4.      Bagaimana penanganan bagi anak yang memiliki sikap mau menang sendiri ?
5.      Apa yang dimaksud dependen ?
6.      Bagaimana ciri-ciri anak yang memiliki sikap dependen ?
7.      Apa saja penyebab anak memiliki sikap dependen ?
8.      Bagaimana penanganan bagai anak yang memiliki sikap dependen ?
3.      Tujuan
Dari rumusan masalah tersebut dapat menjelaskan secara rinci bagaimana anak yang memiliki sikap mau menang sendiri dan dependen.




BAB II
PEMBAHASAN

A.    Mau Menang Sendiri
1.      Pengertian mau menang sendiri
Menurut Hildayani, Rini (2005:  7.3), mau menang sendiri yaitu prilaku anak yang tidak mau dan tidak bisa menerima kekalahan, maksudnya keadaan yang menyebabkan ia merasa tidak berhasil mencapai apa yang diinginkan, meliputi hal-hal yang bersifat materi maupun non-materi.
Prilaku mau menang sendiri dapat muncul dalam bentuk lain, seperti berbaris selalu ingin didepan, mengerjakan tugas harus selesai terlebih dahulu,berusaha merebut perhatian guru, tidak suka bila temannya mendapat nilai yang lebih tinggi atau temannya dipuji guru sementara dirinya tidak (tidak mendapatkan non materi yang diinginkan).
Prilaku mau menang sendiri erat kaitannya dengan sifat iri hati/cemburu pada teman/orang lain dan belum atau tidak berkembangnya kontrol diri pada anak.
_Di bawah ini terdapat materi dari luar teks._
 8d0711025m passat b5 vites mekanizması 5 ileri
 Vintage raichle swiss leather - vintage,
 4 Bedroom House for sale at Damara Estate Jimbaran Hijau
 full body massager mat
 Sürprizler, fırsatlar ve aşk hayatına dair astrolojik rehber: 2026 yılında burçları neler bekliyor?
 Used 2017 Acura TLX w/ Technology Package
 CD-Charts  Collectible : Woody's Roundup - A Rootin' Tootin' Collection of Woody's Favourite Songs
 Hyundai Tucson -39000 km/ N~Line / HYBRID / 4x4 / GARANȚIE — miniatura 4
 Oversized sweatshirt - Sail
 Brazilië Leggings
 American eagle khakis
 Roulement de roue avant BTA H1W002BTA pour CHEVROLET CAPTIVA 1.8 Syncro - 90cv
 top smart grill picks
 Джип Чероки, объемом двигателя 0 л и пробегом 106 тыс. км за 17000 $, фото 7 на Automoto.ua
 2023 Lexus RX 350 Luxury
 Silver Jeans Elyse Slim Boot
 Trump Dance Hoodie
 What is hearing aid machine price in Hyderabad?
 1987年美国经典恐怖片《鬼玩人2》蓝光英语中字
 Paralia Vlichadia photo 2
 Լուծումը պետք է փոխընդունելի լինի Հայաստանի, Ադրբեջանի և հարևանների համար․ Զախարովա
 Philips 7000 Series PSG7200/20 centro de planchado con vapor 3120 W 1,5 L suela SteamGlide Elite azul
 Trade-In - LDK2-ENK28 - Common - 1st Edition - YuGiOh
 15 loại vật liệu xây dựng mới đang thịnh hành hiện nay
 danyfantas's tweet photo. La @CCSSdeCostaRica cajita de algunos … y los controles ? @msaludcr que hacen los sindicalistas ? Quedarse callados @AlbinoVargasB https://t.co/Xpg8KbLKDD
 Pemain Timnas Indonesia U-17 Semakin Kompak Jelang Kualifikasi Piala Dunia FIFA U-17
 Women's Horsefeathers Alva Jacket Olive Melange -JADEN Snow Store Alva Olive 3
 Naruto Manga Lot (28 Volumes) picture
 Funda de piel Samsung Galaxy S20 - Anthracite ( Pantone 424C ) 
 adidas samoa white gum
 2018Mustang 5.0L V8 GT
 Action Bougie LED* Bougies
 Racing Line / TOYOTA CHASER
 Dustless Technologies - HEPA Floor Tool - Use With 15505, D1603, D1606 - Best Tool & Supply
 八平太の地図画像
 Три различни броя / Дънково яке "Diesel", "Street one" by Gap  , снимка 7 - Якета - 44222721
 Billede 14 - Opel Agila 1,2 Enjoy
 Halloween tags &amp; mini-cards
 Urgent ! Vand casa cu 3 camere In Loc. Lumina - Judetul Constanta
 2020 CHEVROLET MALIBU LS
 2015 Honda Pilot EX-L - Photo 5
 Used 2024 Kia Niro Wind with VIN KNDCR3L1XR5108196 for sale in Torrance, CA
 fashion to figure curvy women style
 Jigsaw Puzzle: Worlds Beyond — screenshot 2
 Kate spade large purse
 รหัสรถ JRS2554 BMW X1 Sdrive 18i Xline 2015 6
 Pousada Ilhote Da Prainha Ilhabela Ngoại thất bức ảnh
Anak yang mau menang sendiri berusaha mendominasi/menguasai anak lain, memaksa temannya untuk mengikuti apa yang diinginkannya.
Pada dasarnya perilaku mau menang sendiri pada anak prasekolah bila terjadi sekali-kali masih dianggap wajir, tapi jika terjadi berulang-ulang dan sering hampir tiap hari maka hal tersebut sudah menjadi masalah dan tidak lagi dapat diterima sebagai hal yang wajar
.      2. Ciri-ciri anak yang mau menang sendiri
            Menurut Hildayani, Rini (2005: 7.4), ciri-ciri anak yang mau menang sendiri yaitu,
a.       Kurang mampu mengontrol diri/emosi
b.      Memiliki kecenderungan agresif
c.       Self esteem (harga diri) seolah-olah yang paling tinggi
d.      Empati kurang berkembang
e.       Tidak mengikuti aturan dan bertindak semaunya
f.       Perilakunya memancing kemarahan orang sekitarnya
g.      Kualitas hubungan sosialnya buruk
h.      Memiliki sikap penuntut (demanding)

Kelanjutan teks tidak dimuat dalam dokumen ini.